I’ll leave alone the assertion that the tenants will ‘invariably’ be legally aided.  It is an unsubstantiated assertion, but I’d be willing to stipulate that a very high proportion will have been.

Of the reported cases, 44 involved social landlords. Out of how many? We aren’t told. Is this a large proportion? An isolated few? No idea.

Tenants ‘initiated’ 80% of the cases. What is meant by initiated? I simply don’t believe that the tenant was the Claimant in 80% (35.2 cases? At least get the numbers right). I can only surmise that applications and appeals by tenants in existing proceedings begun by the landlord, are included in this figure. These are not ‘tenant initiated’.

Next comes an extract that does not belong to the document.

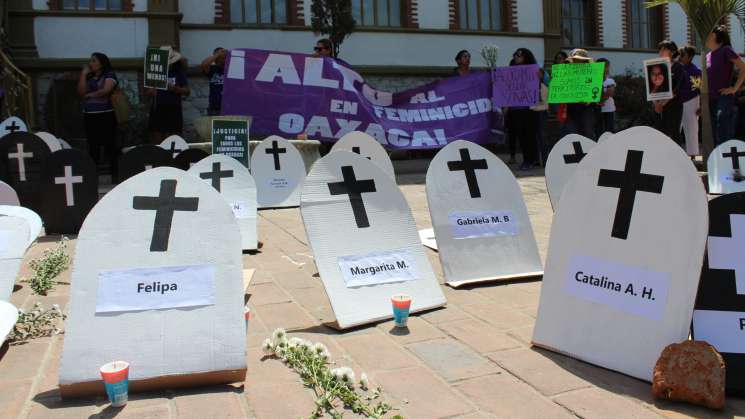 Oaxaca cerraría este 2021 con un centenar de feminicidios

Tenants won ‘only 23%’ of the cases (23% of 44? 10.12 cases? or is it 23% of the 80%? We aren’t told but it looks like the former). It appears from earlier in the statement that the definition of ‘won or lost’ for the SHLA is solely a costs order:

The LSC is not currently able to say what percentage of its funded cases are won or lost (ie which side has to pay the other’s costs).

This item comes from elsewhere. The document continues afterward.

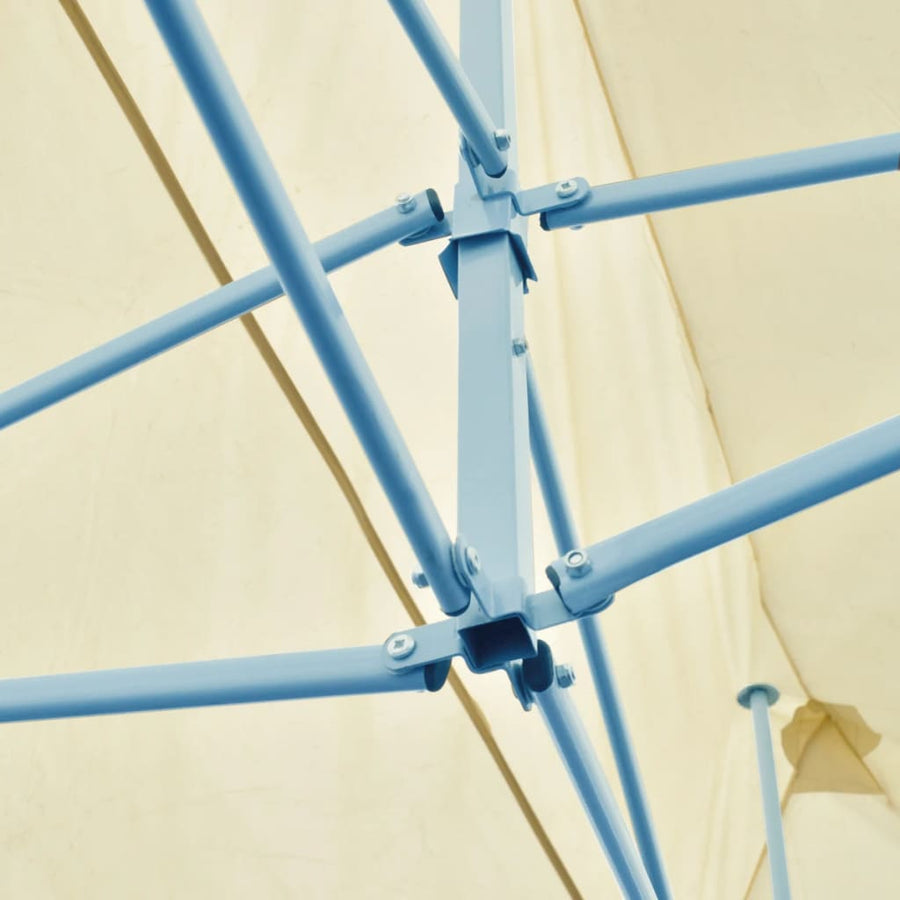 Partytent Pop-Up Inklapbaar 3X6 M Crème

So anything with no order as to costs, costs reserved, or something like a stay of warrant application which can be successful for the tenant – warrant suspended – even if costs are given against them (quite common), will be taken as a loss by the tenant. In terms of  social housing cases, for these and other reasons, a simple costs award is a wholly inadequate measure of ‘winning’. It is sadly without a trace of irony that the SHLA proposes the costs order test as a better replacement for the LSC’s test of ‘substantive benefit’.

Social Landlords initiated ‘only 20%’ of the cases (8.8 cases?). This is dubious, for the reasons given above. Still, we are told they ‘won’ 77% (33.8 cases? or is it 77% of the 20%. We aren’t told). This supposedly illustrates that landlords have ‘a higher standard of merit’ in bringing cases. It does no such thing, of course. Unless the figure is 77% of the 20%, it says nothing about the level of success by the landlords in the cases they ‘initiated’, just their level of success overall. It would be entirely possible for the landlords to have lost all of the cases that they brought and still have a 77% success rate.

So, a bunch of meaningless and inaccurate figures, from which tendentious conclusions are reached. What makes it all the more annoying is that the members of the SHLA are the ones who actually could give clearer figures. The social landlords and their lawyers have the figures on cases against publicly funded tenants and their outcomes, after all.

So, to any SHLA members reading this, how about it? Some actual figures? It would be interesting. But you will need a better measure of success than a costs order, honestly.

By the way, the one hypothetical but supposedly typical example of a weak but funded case is the anti-social tenant who denies everything in the the face of considerable evidence.  Such a case would very likely not satisfy the LSC funding conditions and funding would likely be withdrawn as soon as the LSC noted that there was no defence to substantiated events or convictions. How do I know? I have seen it happen, more than once. The client will have been advised of the low chance of success and the probable withdrawal of funding. If they persist in their instructions and by some miracle funding isn’t withdrawn, then it remains the legal aid lawyers’ duty to follow their client’s instructions, even if inwardly screaming.